Reducing the number of investments may improve the investor's ability to influencing the outcome of each company in their portfolio, because the investor can allocate more time, energy, and resources to each company in their portfolio [resuming the investor brings business expertise to the table].

The article is claiming that the guy can predict which things are going to succeed and which are going to fail, not make them succeed or fail. His evidence for this is that 50% of the time, he's right (e.g. [success, success], [fail, fail] are both success conditions for him). For him to be adding any information to the system, he has to get it right more often than either choosing randomly or using a fixed zero-information strategy (always bet fail/always bet succeed).
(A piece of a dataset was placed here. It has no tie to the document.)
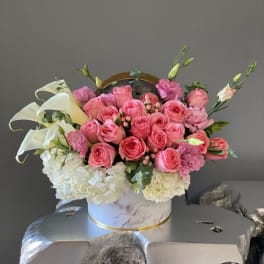 Pink roses and white hydrangeas arranged in a round box
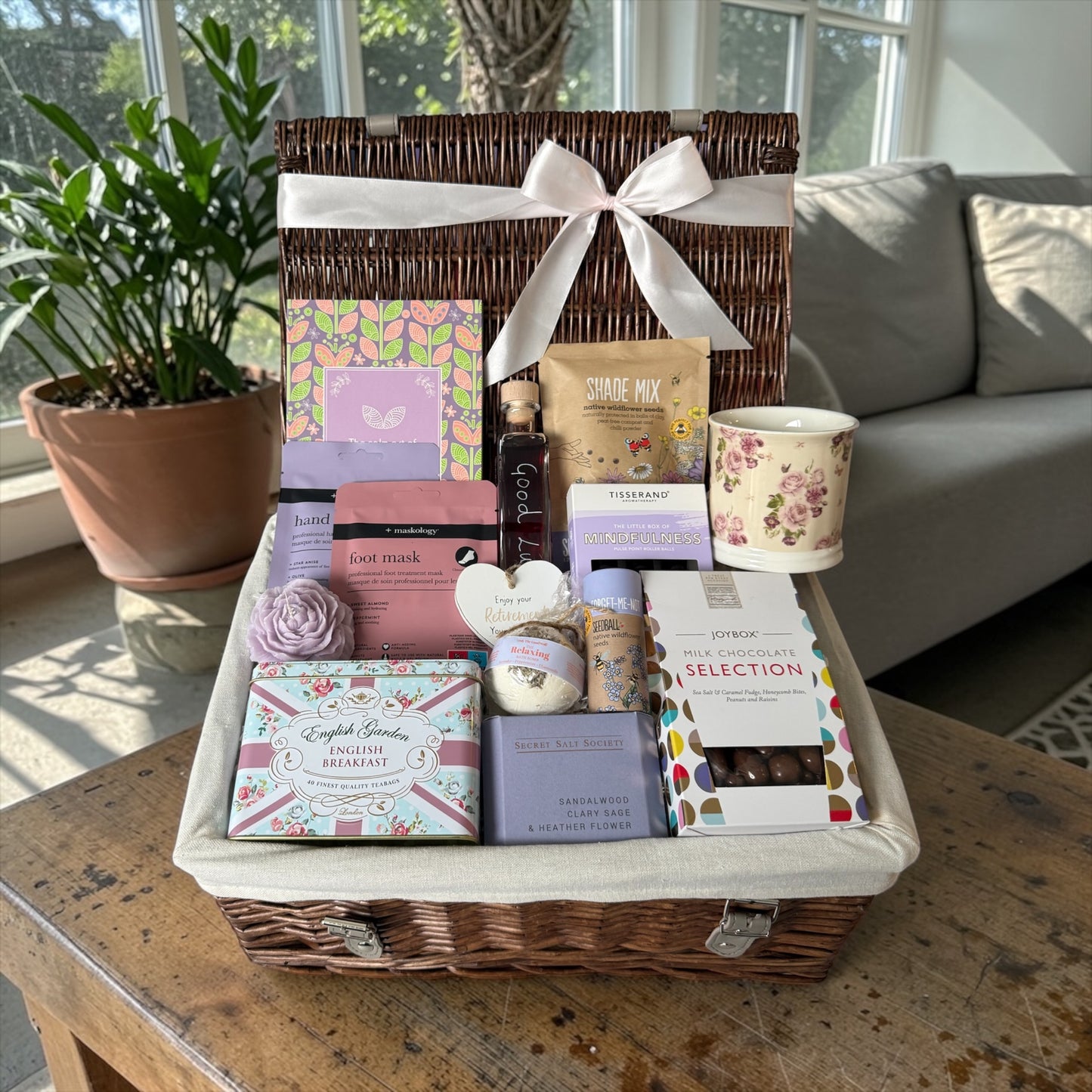 Retirement gift hamper with tea, chocolates, candle, bath treats, seedballs and bramble whisky liqueur.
You explicitly said that the joint probability matters, but then miscalculated the joint probability of him guessing correctly by random chance.
I apologize for not making myself clear enough to communicate as effectively as might be hoped.
I wrote this below, but several things are clear here:

- This isn't a quote and should be taken with a grain of salt. Oversimplification, poor wording, and basic misunderstanding on the part of the author are at fault.

- We don't know what the models outputs are. If they are simply SUCCEED / FAIL, then yes, 50% correct is not very helpful (unless of course it is right more than 50% of the time on big winners). If the outputs are more granular (likelihood of success, expected ROI, etc), then being "right" means a lot less and, to the extent that it does mean something, being right 50% of the time is much more helpful.

Imagine being right 50% of the time guessing about getting through airport security. If you're guesses are "WILL" or "WON'T", then 50% is terrible. If you're guesses are like "through in 23 min 53 sec" then 50% is incredible. If you're guesses are like "70% of being through in 15-20 minutes", what does "right" mean?

To be fair, "wrong" is not describing everything. If it has a lot of false negatives (says "fail" when startup succeeds), but very few false positives, that would really be worth something.
Because the current rule of thumb is that ~9/10 startups fail. If you can reduce that to a 50/50 bet, you've made quite an improvement.
Not really. What the article says is, the model would predict 50% of time whether a company will fail or not, which doesn't make sense, because 50% for a binary prediction (i.e. fail or not) is exactly nothing.

So maybe it's just bad or confusing wording in the article, the guy actually meant to say something else.

Yeah I'm going with confusing wording, I think he meant what I said above. Not to mention he could be referring to eliminating false positives, which is slightly different to finding true positives versus true negatives.
I think it's easier to relate to a coin flip if we use an "unfair coin".

90% of the time the coin flip returns tails (aka fail).

10% of the time it returns heads (aka win).

For a given coin flip, their algorithm can predict the results 50% of the time. At this point I don't remember the calculations off the top of my head, but it involves a Binomial distribution.

Hmm, I can predict that 90% of the time, so I don't follow.
That prediction doesn't improve over the prior. So its no better than the (biased) coin flip.
> (One can simply predict "always succeeds" and will be right half the time.)

Considering most businesses fail I don't think that's quite right but I get your point.

Then one could simply predict "always fails" and be right more than half the time, which is an improvement on the 50% claimed.